Harnessing microalgae for the biosynthesis of molecular crystals

Cultivation of A.
carterae

A. carterae from the National Center for Marine Algae and Microbiota (CCMP1314) were cultivated using f/2 medium. The cultivation regime was 14 h light/10 h dark illumination. The irradiance was 40 μmol (photons) m⁻² s⁻¹ generated by a white-light emitting diode. The f/2 growth medium was prepared with the following dry salts per liter: 400 mM NaCl, 10 mM KCl, 9 mM CaCl₂·2H₂O, 20 mM MgCl₂·6H₂O, 20 mM MgSO₄·7H₂O and 1.85 mM KBr. The following nutrients were first dissolved separately and then added in final concentrations of 88.3 × 10⁻⁵ M NaNO₃, 3.62 × 10⁻⁵ M NaH₂PO₄·H₂O, 1.06 × 10⁻⁴ M Na₂SiO₃·9H₂O, 2 × 10⁻⁴ M H₃BO₃, 9.89 × 10⁻⁹ M Selene, 1.03 mM Tris (hydroxymethyl). The following trace metals (made separately): 1.18 × 10⁻⁵ M FeCl₃·6H₂O, 1.51 × 10⁻⁵ M Na₂EDTA·2H₂O, 3.93 × 10⁻⁸ M CuSO₄·5H₂O, 2.60 × 10⁻⁸ M Na₂MoO₄·2H₂O, 7.65 × 10⁻⁸ M ZnSO₄·7H₂O, 4.20 × 10⁻⁸ M CoCl₂·6H₂O and 9.10 × 10⁻⁷ M MnCl₂·4H₂O. The following vitamins were also added at final concentrations of 2.96 × 10⁻⁷ M thiamine HCl (vitamin B₁), 2.56 × 10⁻⁹ M biotin (vitamin H) and 4.61 × 10⁻¹⁰ M cyanocobalamin (vitamin B₁₂).
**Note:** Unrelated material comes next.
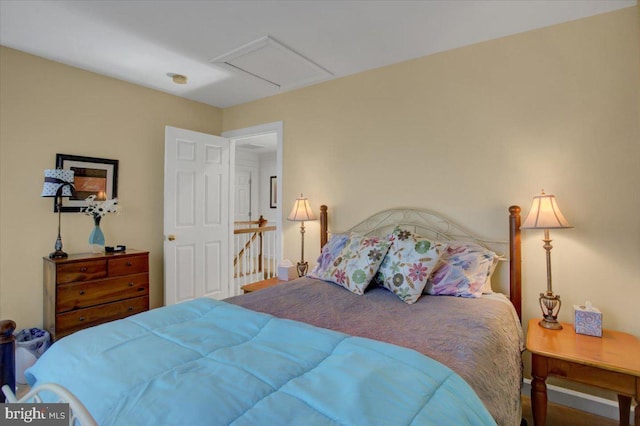 bedroom featuring attic access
Finally, 20 ml of NaHCO₃ 2 mM was filtered (0.22 μm) directly into the prepared medium. Suspension culture flasks (250 ml) were used with a filter screw cap (CELLSTAR).

Intracellular uptake of different N-heterocycles in A.
carterae

For uptake experiments (n = 4 for each compound), the nitrate in the growth medium was replaced with one of the N-heterocyclic compounds (purines, pyrimidines or pteridines) at final concentrations of 40 μM for guanine, hypoxanthine, xanthine, uric acid, guanosine and melamine; 6 μM for pterin, isoxanthopterin, xanthopterin and leucopterin; 0.1 mM for theobromine and 1–20 mM for cytosine and 5-fluorocytosine. To remove any undissolved particles from the growth media, the solutions were placed in an ultrasonic bath and heated to 40–50 °C for 20–30 min. The solutions were then allowed to cool to room temperature for a few hours and passed through a 0.22-μm filter. The concentration of cells was kept constant at 2 × 10⁵ ml⁻¹ and the experiments were carried out in 50-ml suspension culture flasks with a filter screw cap (CELLSTAR) filled with 20 ml of the prepared medium. A UV–vis spectrophotometer (Evolution 220, Thermo Fisher Scientific) was used to measure absorbance of the growth medium with the different nitrogenous compounds in the 230–350 nm range to monitor uptake. Hundreds of cells were screened in every experiment and, in all reported cases, over 90% of the cells grew crystals (Supplementary Fig. 30) as described in the main text. Accumulation of birefringent deposits in live A. carterae cells was monitored using a polarized light microscope (Zeiss AX10) equipped with a Zeiss Axiocam 705 color camera using transmission and polarization modes with ×5, ×10, ×20 and ×50 air objectives and a ×100 oil immersion objective.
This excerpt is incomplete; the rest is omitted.